In connection with a ten-year period of developing interest in aviation in the city and region, the Board of the Aero Club Branch was elected during a special meeting in 1957. In the same year, at a city and district (powiat) activist meeting, Civil Committee for Construction of a Hangar and an Airport was established. The committee received 82 hectares (202 acres) of land in Krzywa Góra near Włocławek, from the Presidium of  the National Council of the district. In 1959 the Board of  the Polish Aero Club agreed to establish the Włocławek branch of the club. Due to the construction of the Nitrogen Plant “Włocławek” in Krzywa Góra, a new location, near Kruszyn, was selected for the development of the airport. Construction began in 1961 and the opening took place in 1965. The airport occupied 78 hectares of land on which a harbour building, a hangar, a petrol station and garages were built along with access roads.

In 1965, the Włocławek Aero Club organized the 3rd  Polish Aircraft Acrobatic Championship. This event has initiated cultural and aviation traditions associated with the Aeroclub and the city of Włocławek. Various types of events and celebrations are held at the airport, mainly related to aviation competitions. In June 1991 pope John Paul II celebrated a mass at the airport.
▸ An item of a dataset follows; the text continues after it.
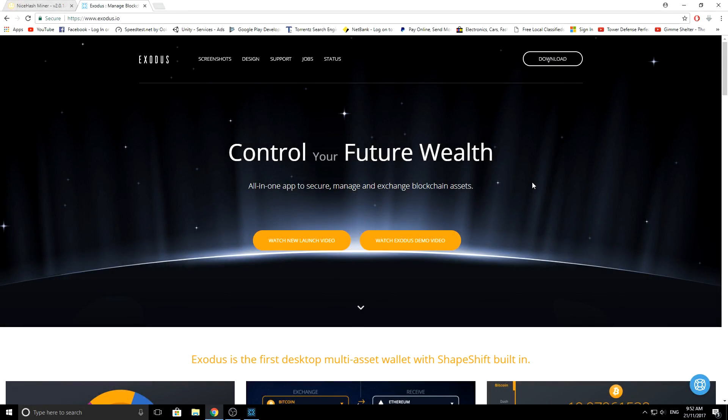Hello everyone, this is Alex from MrRetroCentral and today I'm going to be showing you how to download Exodus wallet and how to use it just briefly.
Due to the economic changes in the early nineties, the Polish Aero Club stopped subsidizing its regional branches. Because of that, local aero clubs found themselves in a difficult position, where they had to look for their own funds. For this reason, the traditions of carnivals as well as air and model-making shows are maintained, which are instrumental in popularising these disciplines and sports.